Pourtant, mis à part le fait qu'elle tombe ici comme le cheveu dans la soupe, elle est intéressante cette question du mariage. Car, bien que Marc ne nous le fasse pas comprendre aussi bien que Matthieu (dans sa version du même épisode), c'est un des points où Jésus était le plus novateur par rapport au consensus général de ses compatriotes, y compris des disciples. Matthieu nous rapporte en effet, qu'après ces paroles de Jésus, les disciples s'exclamèrent que dans ce cas "ça ne vaut vraiment pas le coup de se marier" ! Comme quoi, les disciples étaient bien sur la même longueur d'onde que les pharisiens, sur cette question. On est vraiment à cent lieues des notions de fidélité et d'engagement envers l'autre. Et, sans grande surprise, nous autres modernes avons tendance à achopper aussi sur ce point.
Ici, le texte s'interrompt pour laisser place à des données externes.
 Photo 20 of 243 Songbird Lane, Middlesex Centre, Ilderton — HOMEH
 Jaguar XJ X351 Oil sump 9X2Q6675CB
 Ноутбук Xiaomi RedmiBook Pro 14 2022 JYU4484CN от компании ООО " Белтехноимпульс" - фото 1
Nous pouvons être extrêmement sensibles à la révolution spirituelle qu'a apportée Jésus, cette révélation du Dieu Père, proche, intime, personnel, en bref du dieu qui disqualifie toute tentative de pouvoir religieux, mais nous serons beaucoup plus réservés sur ce qui a toutes les apparences d'une interdiction du divorce.
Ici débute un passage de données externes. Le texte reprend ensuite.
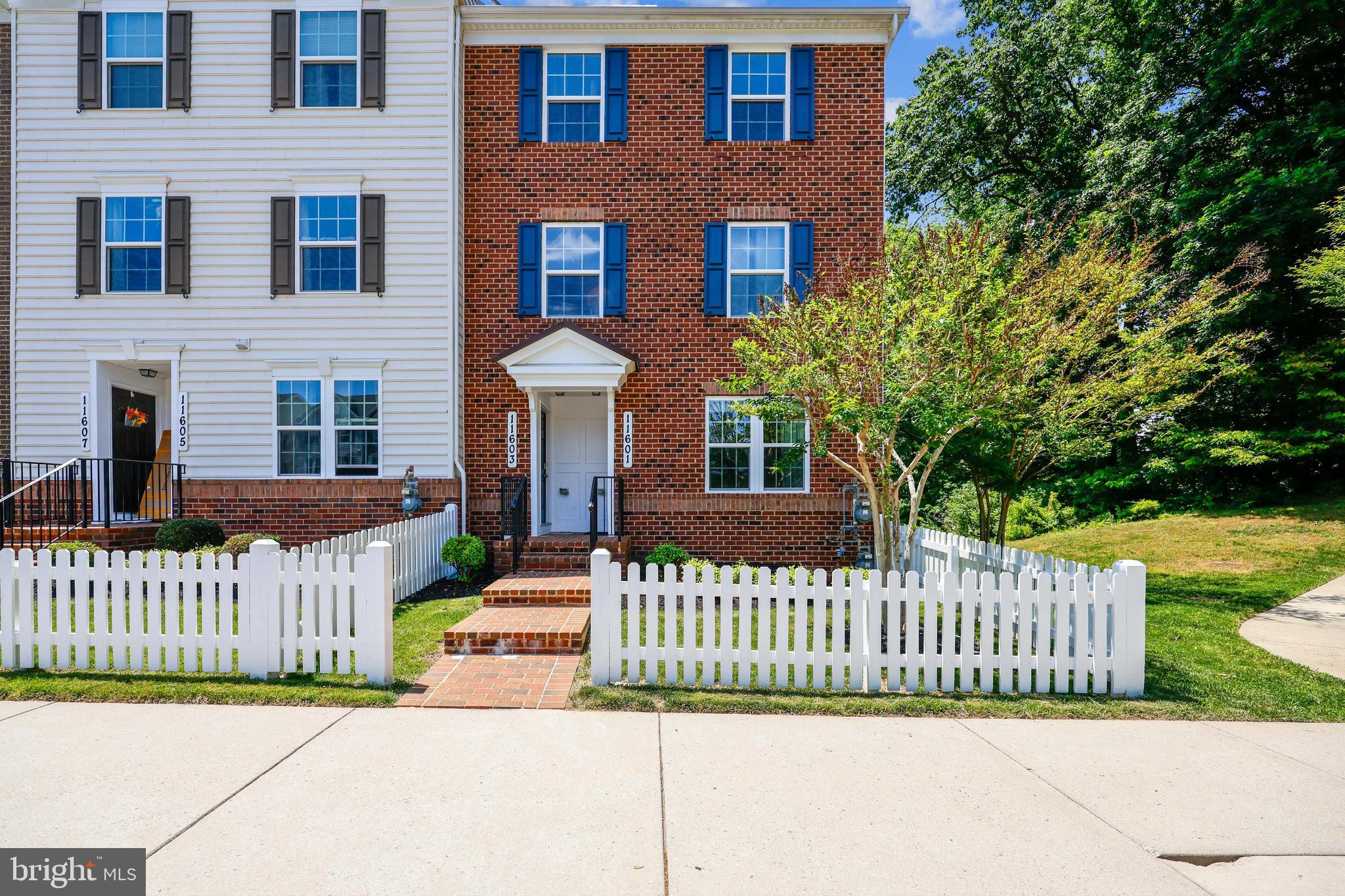 CLARKSBURG VILLAGE - Residential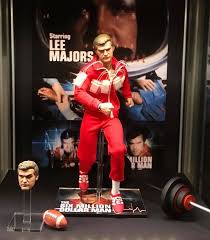 Dallas vintage toys pays the most for. I Need One Of These Beauties Six Million Dollar Man Toy Facebook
Deux remarques, cependant. D'abord il faut comprendre que le divorce juif de l'époque n'était pas le divorce de nos jours. Toujours décidé par l'homme, il ne donnait pas lieu à compensations financières, de sorte qu'en général la femme se retrouvait dans la misère. Et avant que ne soit instituée la règle du "certificat de divorce" dont parlent les pharisiens, la femme n'avait de plus pas le droit de se remarier. C'est ce à quoi doit servir ce certificat : du moment qu'elle l'obtient, elle peut espérer retrouver un autre mari, et c'est pourquoi la loi stipulait que le mari était, de son côté, dans l'obligation de munir de ce certficat la femme qu'il voulait répudier. Cela n'empêchait évidemment pas certains 'indélicats' (= salauds) de tout faire pour ne pas se soumettre à leurs obligations, mais l'essentiel est de toute façon là : le divorce juif était presque toujours une décision unilatérale, et c'est surtout cet aspect là qui est ici condamné par Jésus.

La seconde remarque éclaire la première en prenant en compte la nature de l'argument sur lequel s'appuie Jésus. En remontant au jardin d'Eden, Jésus se place dans une optique purement spirituelle, dans ce monde originel duquel nous sommes censés être issus. C'est donc du point de vue idéal et théorique qu'il peut dire que l'homme ne devrait pas "séparer ce que Dieu a uni". Et, ce point de vue, qui ne l'approuve pas ? Qui ne rêve effectivement pas, qui ne souhaite pas, que cela soit possible, de vivre jusqu'à sa mort toujours amoureux de la même personne ? Nous avons suffisamment de preuves par ailleurs que Jésus ne condamnait jamais personne, pour être certains qu'ici non plus ce n'est pas ce qu'il voulait dire. L'objectif est donc simplement celui-là, faire tout ce que nous pouvons pour que notre couple vive et grandisse en communion. Et si, à un moment, nous n'y arrivons plus, faire aussi tout ce que nous pouvons pour que ce soit encore en communion que nous nous séparions.